Nel 1958 Fenoglio porta all’editore Garzanti un manoscritto di grandi dimensioni, circa 800 pagine. Si rende conto che la mole potrebbe scoraggiare l’editore e allora consegna in lettura solo la parte iniziale che titola “Primavera di bellezza” e propone a Garzanti di pubblicare il tutto in due volumi. In casa editrice storcono il naso. Non pare una buona idea. Fenoglio si lascia convincere. Niente pubblicazione in due volumi. Taglia e cuce e riscrive una conclusione ad hoc e acconsente alla pubblicazione solo della prima parte, 200 pagine circa.

“Primavera di bellezza”, appunto, esce nel 1959. È la storia di Johnny dal principio del 1943 fino all’8 settembre dello stesso anno. Il romanzo finisce con Johnny che entra nella Resistenza dopo l’8 settembre e subito muore, in un finale aggiunto tanto per dare un senso. E le altre 600 pagine?

Sarebbe stato da chiedere a Fenoglio stesso. Ma nel 1962 si ammala e muore prematuramente.

Le edizioni successive

Negli anni successivi, iniziano ad emergere dai cassetti frammenti di opere. Il “frammento” più appetitoso sembra essere quello relativo ad un “certo partigiano”. Ma esistono migliaia di pagine in disordine che ne raccontano le gesta. E, per di più, in una lingua mista tra italiano e inglese. Fenoglio scriveva regolarmente e correttamente in inglese.

Maturano i tempi, arriva il ‘68. Esce “Il Partigiano Johnny” per Einaudi. Un ideale di “ribelle” in un anno di ribellioni. Perfetto. Ma il titolo è deciso dal curatore, Lorenzo Mondo, che edita un testo molto rimaneggiato rispetto all’originale. Mondo vuole rendere il romanzo di Fenoglio  “leggibile”.

Un’operazione di tanto taglio e cucito che provoca il disappunto di Maria Corti, grande critica. Lei non ci sta e si mette al lavoro su tutte, ma proprio tutte, le carte. Ne viene fuori un’opera monumentale.

L’edizione della Corti è del 1978 e rivela che esistono addirittura tre stesure di quell’opera senza nome che tutti ormai già chiamano “Il Partigiano Johnny”. Fine della storia?

No. Il lavoro della Corti forgia un’opera per addetti ai lavori. I lettori comuni restano esclusi. La sua edizione è impossibile da affrontare per il pur volenteroso impiegato delle Poste.

E così nel 1992 Einaudi decide di dare una terza vita a Johnny. Affida una nuova edizione a Dante Isella. La versione Isella diventa il canone per le traduzioni.

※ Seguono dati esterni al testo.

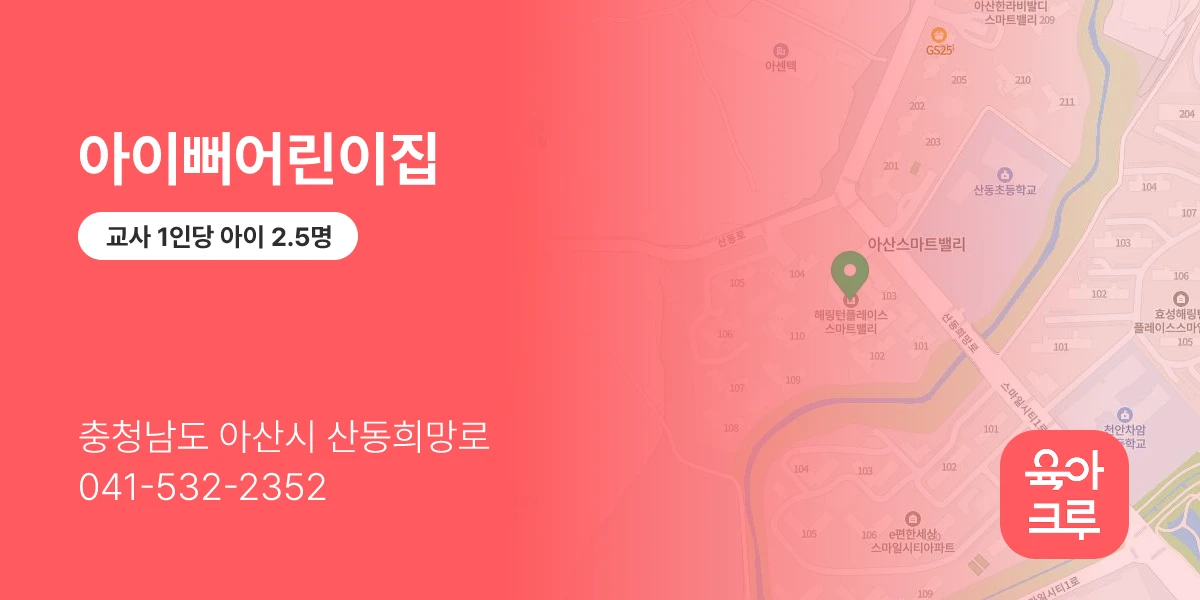 아이뻐어린이집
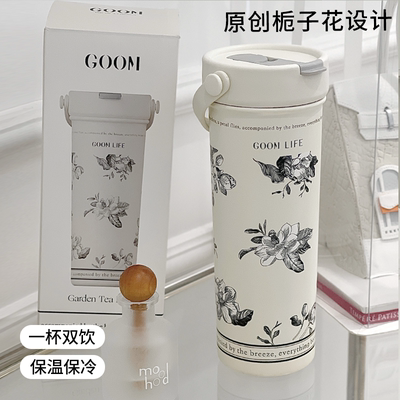 goom栀子花保温杯高颜值女生水杯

Viene letta a scuola. Questione Fenoglio/Johnny archiviata?

Non ancora.

Il disegno completo

Nel 2015, Pedullà riapre le danze e stavolta rende finalmente giustizia. Ricompone il progetto originario testimoniato nelle  lettere di Fenoglio. Rimette insieme i due libri “separati in casa Einaudi”. E oggi tutti possono apprezzare il fatto che “Primavera di bellezza” e “Il Partigiano Johnny” siano due pezzi di uno stesso puzzle.

Ricomposto il disegno fenogliano, il senso di una grande narrazione epica si dispiega. La lingua di Fenoglio esplode in tutto il suo arduo splendore. Non che sia sempre di gran scorrevolezza. Ci sono molti inserti in lingua inglese.

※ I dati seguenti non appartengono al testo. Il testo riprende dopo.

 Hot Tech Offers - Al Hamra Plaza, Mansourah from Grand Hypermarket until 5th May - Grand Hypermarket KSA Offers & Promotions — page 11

Ma riecheggia alto, solenne, lo stile. Fa trasparire i modelli classici di riferimento. Ora con Pedullà è chiara l’ispirazione di Fenoglio il quale, pensando a Johnny nel suo ciclo completo, aveva avuto da sempre in mente il modello virgiliano dell’Eneide. Ora, finalmente Johnny si erge in tutta la magnificenza eroica di un Resistente che lotta per un’Italia “alquanto piccola ma del tutto seria, un’altra Italia, un’Italia a modo nostro ma sempre Italia”.

Una cosa alquanto piccola ma del tutto seria. Essendo il fascismo d’allora e di oggi, che si riflette in dottrine neoliberiste, l’espressione di una grandezza buffonesca (e per di più tragica).